Not a subscription, but Character.ai gets a special mention for roleplay. I've made a game out of turning chats with celebrities or spoiled mean girl characters into WAM roleplays. It's actually a bit disconcerting sometimes how some characters do a full 180 with their personality after it starts deleting tokens to make room for new ones. Often before I know it, the rude, obnoxious mean girl turns into a desperate-to-please girl who will go along with whatever I ask them to do. I really wish Character.ai kept the personality tokens separate from the story tokens so that I could keep talking to the original personality instead of the submissive one.
Like you, I don't care too much for NSFW content, so I haven't had a lot of problems with the filters in ChatGPT. It is really strict on that though, which is why I go to Seaart or Character.ai if I want anything beyond what I already know its limits are.

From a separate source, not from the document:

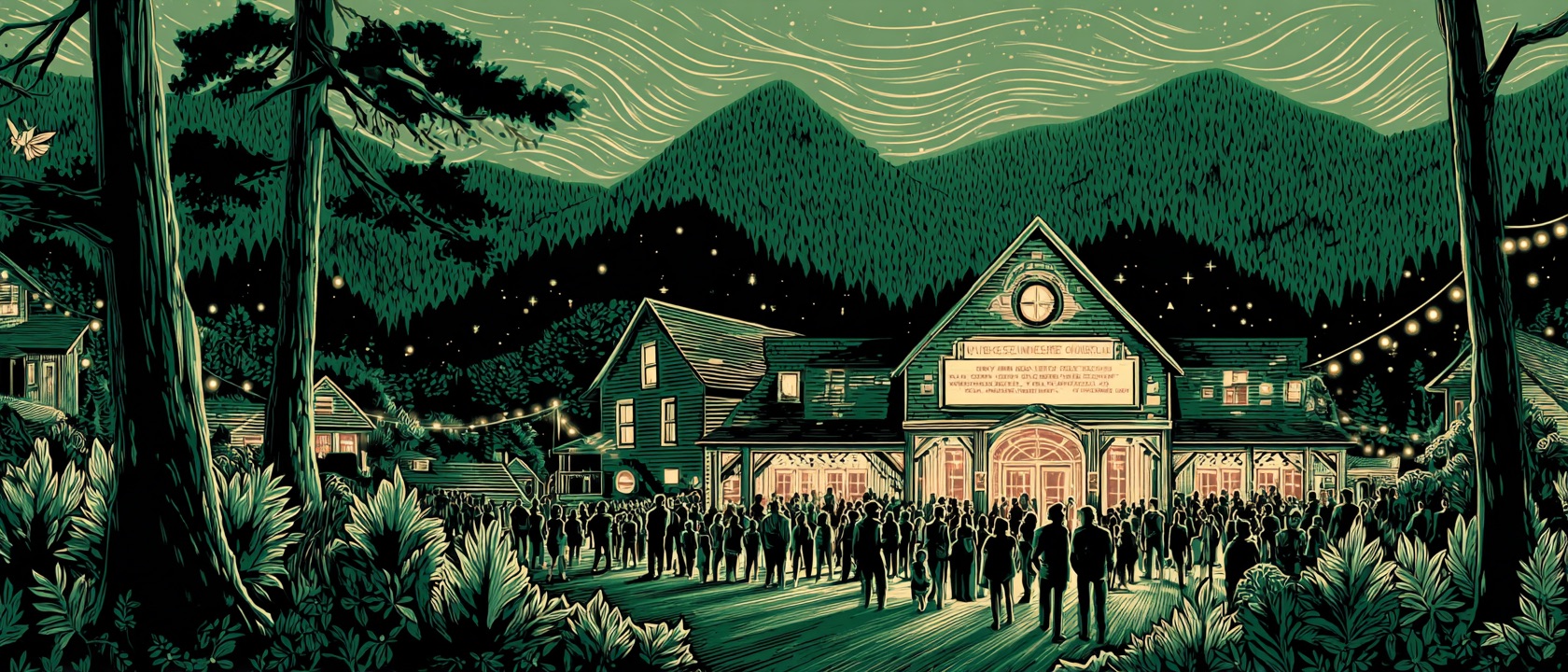 The Big Picture Theater at night, a crowd gathered under the marquee, the Green Mountains behind — a linocut illustration.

I'm in the US (you mentioned it costing twenty pounds, so I'm assuming you aren't), so I think there might be different limits. I rarely run into the "busy, cannot create right now" rejection, but I also generally do my stuff late at night or early morning as a result of my work schedule and insomnia. I do often run into the "you've hit your limit of GPT-4 prompts" because I'll often just hit the regenerate button over and over once I get something I like. Each time counts as a new prompt though, so that sucks. I can drop down to GPT-3 for chat once I've hit that limit, but it gets annoying quick because it's like talking to a child or a robot after working with GPT-4 for so long now.
For me, the money I pay for ChatGPT and the others is worth it because of just how much I use them. I work second shift and I'm in my 30s now. By the time I get off work, all my friends are going to bed and my housemate is sleeping too, so I not only have no excuse to leave the house, I also have to do stuff quietly in the house. so... AI, gaming, and surfing the web is pretty much my life during the week.